Tuesday, 10 June 2025, 6:22 am

    FIRB grants ₱20.9-B tax subsidy to boost public services

    The Fiscal Incentives Review Board (FIRB), chaired by Finance Secretary Ralph G. Recto, has approved ₱20.9 billion in tax subsidies for government institutions for fiscal years 2024 and 2025. The move aims to enhance public service delivery by allowing agencies to redirect resources from tax obligations to operational efficiency.

    Tax subsidies enable the national government to shoulder the taxes and duties that would otherwise be paid by public institutions, a measure aligned with President Ferdinand R. Marcos Jr.’s push for more responsive government services.
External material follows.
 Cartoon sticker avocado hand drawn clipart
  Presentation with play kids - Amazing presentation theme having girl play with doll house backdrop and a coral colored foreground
    “This move is in line with President Marcos Jr.’s commitment to delivering more responsive public services,” said Recto. “These tax subsidies will help expedite and expand government service delivery for the Filipino people.”

    As of May 21, 2025, the FIRB approved 10 subsidy applications through its Technical Committee, with all benefiting agencies achieving a 100 percent utilization rate based on their Special Allotment Release Orders (SAROs).

    For 2024, key recipients include the Manila International Airport Authority (₱7.5B), National Power Corporation (₱6.0B), Philippine Deposit Insurance Corporation (₱4.5B), and National Transmission Corporation (₱2.0B). Other recipients include the Armed Forces Commissary (₱305M), Bureau of the Treasury (₱223M), and UP National Institute of Physics (₱6.6M).

    For 2025, the Bureau of the Treasury and the Armed Forces Commissary were again granted subsidies amounting to ₱223.2 million and ₱58.5 million, respectively.

    The FIRB, under existing law, is authorized to grant such subsidies to GOCCs, government instrumentalities, and state universities to help them fulfill their mandates without the fiscal strain of tax payments.